- Task to carry out
Among the entries below, find the lines with the word "para" and copy them.

##### Material provided

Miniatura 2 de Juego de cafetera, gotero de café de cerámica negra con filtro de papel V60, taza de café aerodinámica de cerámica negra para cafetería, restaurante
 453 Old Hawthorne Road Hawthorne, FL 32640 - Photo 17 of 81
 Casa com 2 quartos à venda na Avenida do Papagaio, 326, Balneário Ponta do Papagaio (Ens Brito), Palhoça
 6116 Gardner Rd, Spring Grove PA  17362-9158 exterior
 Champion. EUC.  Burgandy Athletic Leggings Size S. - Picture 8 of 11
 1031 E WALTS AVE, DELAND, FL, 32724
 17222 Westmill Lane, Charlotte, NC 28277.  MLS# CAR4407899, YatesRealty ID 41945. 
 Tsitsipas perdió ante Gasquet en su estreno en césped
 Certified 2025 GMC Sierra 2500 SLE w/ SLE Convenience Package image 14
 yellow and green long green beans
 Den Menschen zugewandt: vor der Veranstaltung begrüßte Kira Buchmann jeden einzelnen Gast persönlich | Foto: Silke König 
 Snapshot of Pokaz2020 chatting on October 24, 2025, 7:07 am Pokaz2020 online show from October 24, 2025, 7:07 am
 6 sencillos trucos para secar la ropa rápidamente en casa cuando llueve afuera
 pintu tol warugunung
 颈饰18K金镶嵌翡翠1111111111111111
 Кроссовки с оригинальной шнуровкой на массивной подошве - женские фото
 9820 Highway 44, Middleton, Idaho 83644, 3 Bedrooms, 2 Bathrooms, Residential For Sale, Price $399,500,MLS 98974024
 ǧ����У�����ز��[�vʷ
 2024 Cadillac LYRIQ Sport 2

##########

- Solution to the exercise
Miniatura 2 de Juego de cafetera, gotero de café de cerámica negra con filtro de papel V60, taza de café aerodinámica de cerámica negra para cafetería, restaurante
 6 sencillos trucos para secar la ropa rápidamente en casa cuando llueve afuera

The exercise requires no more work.